• **Information supplied**
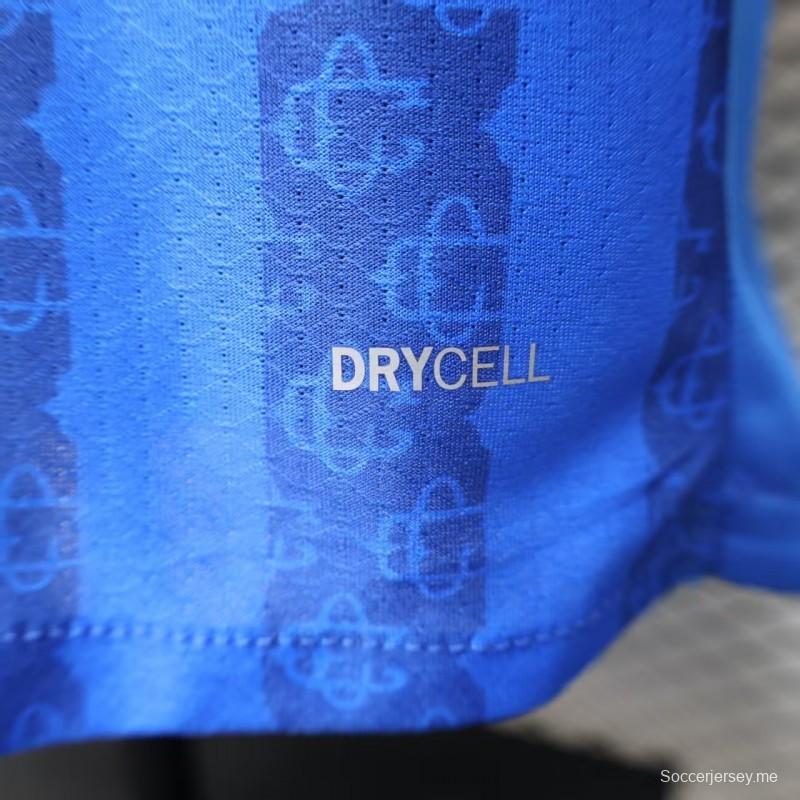 قميص اللاعب رقم 26/27 لفريق تشيفاس غوادالاخارا (قميص خارجي أزرق بنمط خطوط داكنة)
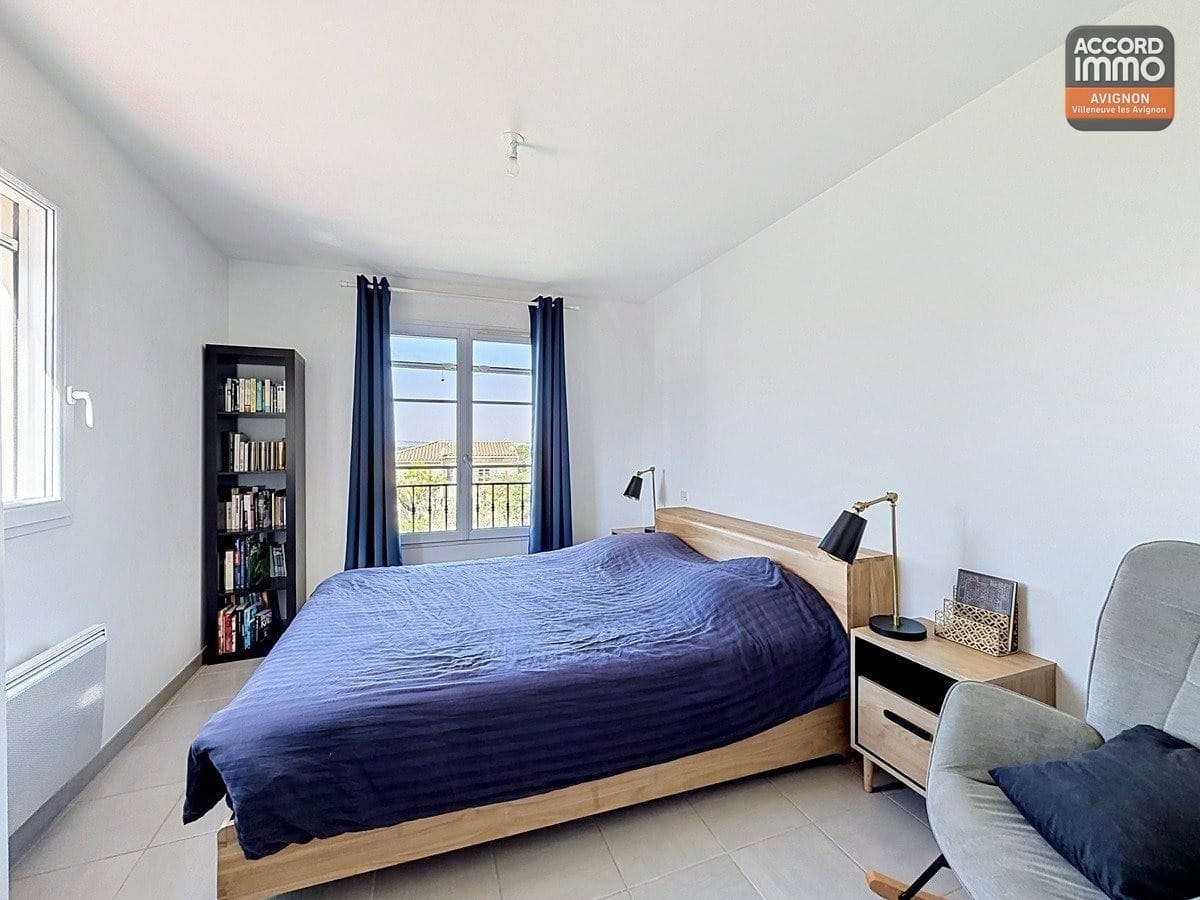 Chambre avec lit double recouvert d'une couette bleue et tête de lit en bois clair. Une bibliothèque noire remplie de livres se trouve près de la fenêtre avec rideaux bleus, et un fauteuil gris complète l'espace.
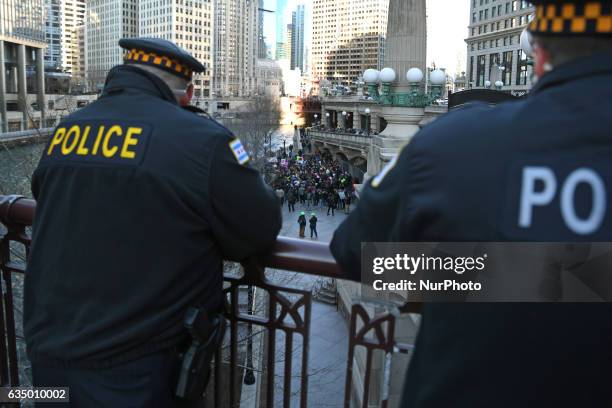 Police guard the front of activists gather across from Trump Tower before pulling down their pants and mooning on February 12, 2017 in Chicago,...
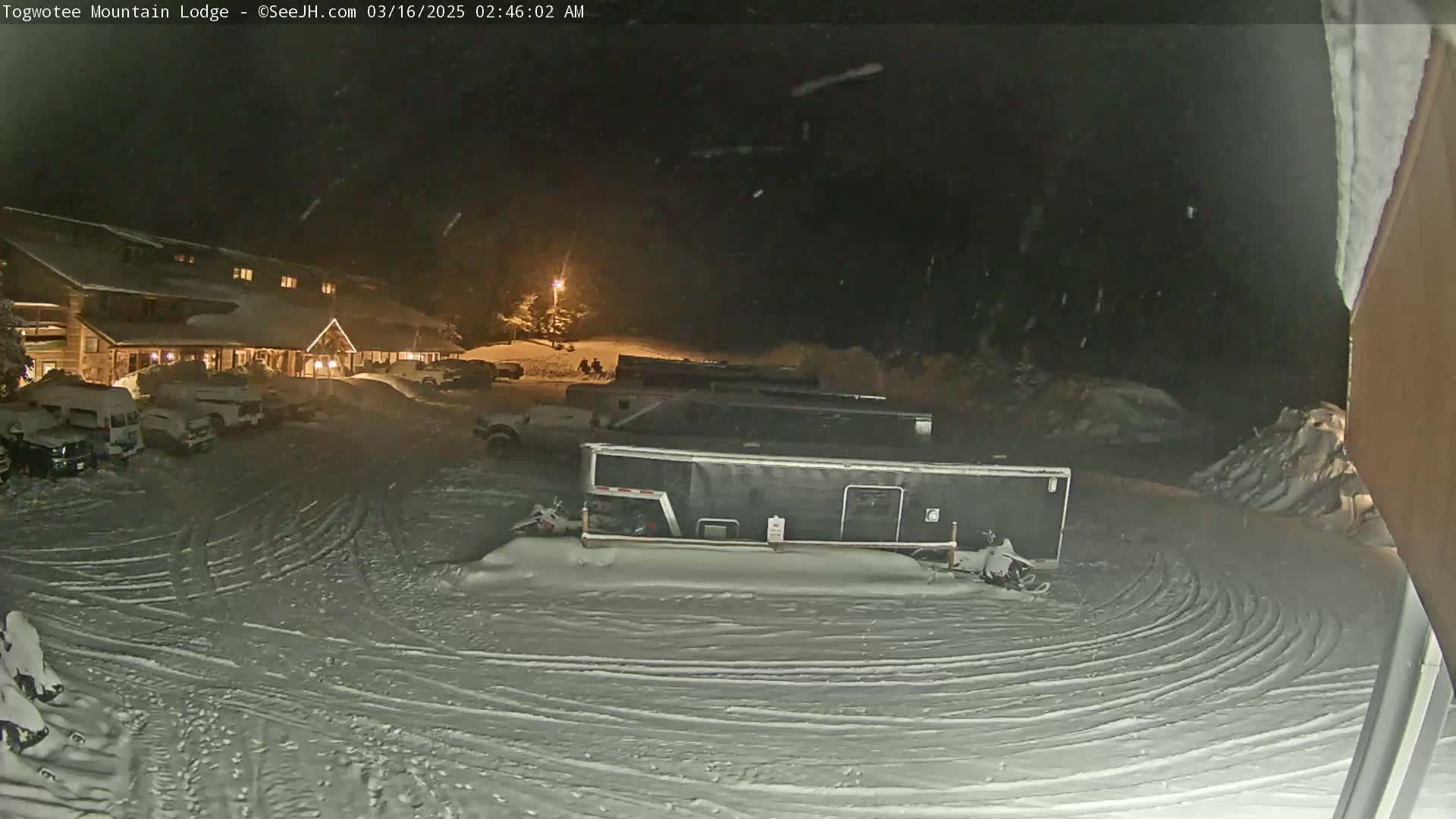 A snow-covered parking lot at night with a lodge in the background, light snowfall is occurring.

• **Exercise**
What is needed is an exact copy of the lines from the line with "Chambre avec lit" to the end of the data above, both included, without any pictures.

• **Response below**
 Chambre avec lit double recouvert d'une couette bleue et tête de lit en bois clair. Une bibliothèque noire remplie de livres se trouve près de la fenêtre avec rideaux bleus, et un fauteuil gris complète l'espace.
 Police guard the front of activists gather across from Trump Tower before pulling down their pants and mooning on February 12, 2017 in Chicago,...
 A snow-covered parking lot at night with a lodge in the background, light snowfall is occurring.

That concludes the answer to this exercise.